**TASK TO CARRY OUT**
Each line of the entries below that holds "with" is needed, copied in full.

*** Opening of MATERIAL FOR THIS TASK ***

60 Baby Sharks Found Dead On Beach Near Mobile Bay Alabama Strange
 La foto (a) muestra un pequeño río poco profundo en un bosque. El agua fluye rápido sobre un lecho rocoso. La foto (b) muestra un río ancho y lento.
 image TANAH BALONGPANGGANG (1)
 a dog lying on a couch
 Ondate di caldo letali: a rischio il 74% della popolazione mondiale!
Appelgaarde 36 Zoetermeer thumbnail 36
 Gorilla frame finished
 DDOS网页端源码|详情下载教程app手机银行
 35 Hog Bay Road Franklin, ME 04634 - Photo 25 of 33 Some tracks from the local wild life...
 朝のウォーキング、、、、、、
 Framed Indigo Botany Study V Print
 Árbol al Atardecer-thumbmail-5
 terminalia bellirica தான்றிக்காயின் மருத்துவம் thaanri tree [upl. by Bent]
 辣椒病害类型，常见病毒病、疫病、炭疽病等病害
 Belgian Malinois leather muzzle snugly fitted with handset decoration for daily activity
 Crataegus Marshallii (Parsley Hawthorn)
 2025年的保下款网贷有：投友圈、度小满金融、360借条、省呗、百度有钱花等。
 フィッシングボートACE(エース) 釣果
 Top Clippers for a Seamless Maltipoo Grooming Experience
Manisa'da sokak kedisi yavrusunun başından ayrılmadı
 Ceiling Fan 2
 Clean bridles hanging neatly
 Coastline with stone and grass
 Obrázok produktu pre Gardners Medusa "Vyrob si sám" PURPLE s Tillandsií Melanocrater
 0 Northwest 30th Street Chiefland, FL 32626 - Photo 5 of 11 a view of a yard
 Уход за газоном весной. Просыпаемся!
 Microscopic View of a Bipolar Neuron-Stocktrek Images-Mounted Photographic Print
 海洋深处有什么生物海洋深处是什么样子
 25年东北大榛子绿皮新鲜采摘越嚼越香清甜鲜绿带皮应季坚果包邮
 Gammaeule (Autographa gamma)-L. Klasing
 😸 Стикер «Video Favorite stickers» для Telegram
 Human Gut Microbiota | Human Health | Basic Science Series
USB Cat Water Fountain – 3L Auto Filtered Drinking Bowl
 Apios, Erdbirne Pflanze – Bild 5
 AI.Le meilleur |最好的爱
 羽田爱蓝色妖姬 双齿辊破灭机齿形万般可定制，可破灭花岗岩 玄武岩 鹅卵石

*** Close of MATERIAL FOR THIS TASK ***

**TASK RESULT**
 Belgian Malinois leather muzzle snugly fitted with handset decoration for daily activity
 Coastline with stone and grass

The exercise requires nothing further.